Small Scale Thermomechanics in Si with an Account of Surface Stress Measurements

Multiscale experiments and models have repeatedly shown that thermal and mechanical properties of materials are a strong function of the length scale of measurement. This work uses a newly established nanomechanical Raman spectroscopy approach to analyze creep deformation of microscale Si cantilevers as a function of temperature and mechanical strain. This research reports in-situ creep properties of silicon micro-cantilevers in this temperature range under uniaxial compressive stress. The experimental setup consists of micro-scale mechanical loading platform and localized heating module. The results reveal that in the stress range of 50–150 MPa, the strain rate of the silicon cantilever increases linearly as a function of applied stress. The strain rate also increases a function of temperature increase. However, the strain rate increase slows down with increase in temperature. The strain rate of the microscale silicon cantilever (0.2–2.5 × 10−6 s−1) was comparable to literature values for bulk silicon reported in temperature range 1100–1300 °C but with only one tenth of the applied stress level. The relaxation of the near-surface atoms also contributes to the creep of the material. Analyses are also used to establish a surface stress relation in one dimensional nanostructures subjected to mechanical loading at high temperatures.

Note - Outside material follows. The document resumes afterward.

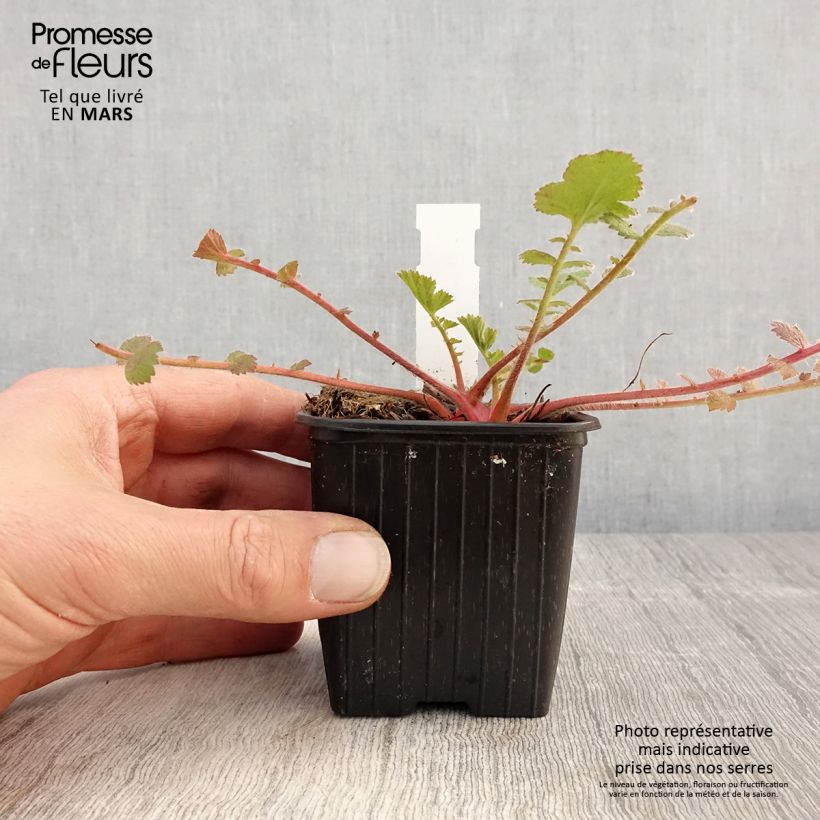 Exemplaar van Geum Prinses Juliana - Nagelkruid Kweekpotje van 8/9 cm zoals geleverd in de lente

Role of Length Scale and Temperature in Nanoscale and Microscale Creep of Si-C-O Ceramics

This investigation presents nanoindentation and microindentation creep analyses on polymer derived Si-C-O ceramic coatings at temperatures ranging from room temperature to 500 degree-C. The properties of focus include elastic modulus, hardness, creep exponent, and creep strain rate. Analyses show that at the nanoscopic length scale the deformation mechanism is dominated by dislocation climb and diffusion. With increase in length scale to microscale the thermal activation volume increases by approximately 10 times. The increase in free volume leads to the deformation mechanism switching to volumetric densification and dislocation pile up. An important physical effect analyzed is the effect of increase in temperature on the observed deformation mechanism. At the nanoscale, with increase in temperature, both hardness and elastic moduli show an increase. At the microscale, however, hardness reduces with increase in temperature. The indentation size effect is observed at both scales. However, at the nanoscale the indentation size is linked with strain hardening. At the microscale, a strain softening behavior is observed.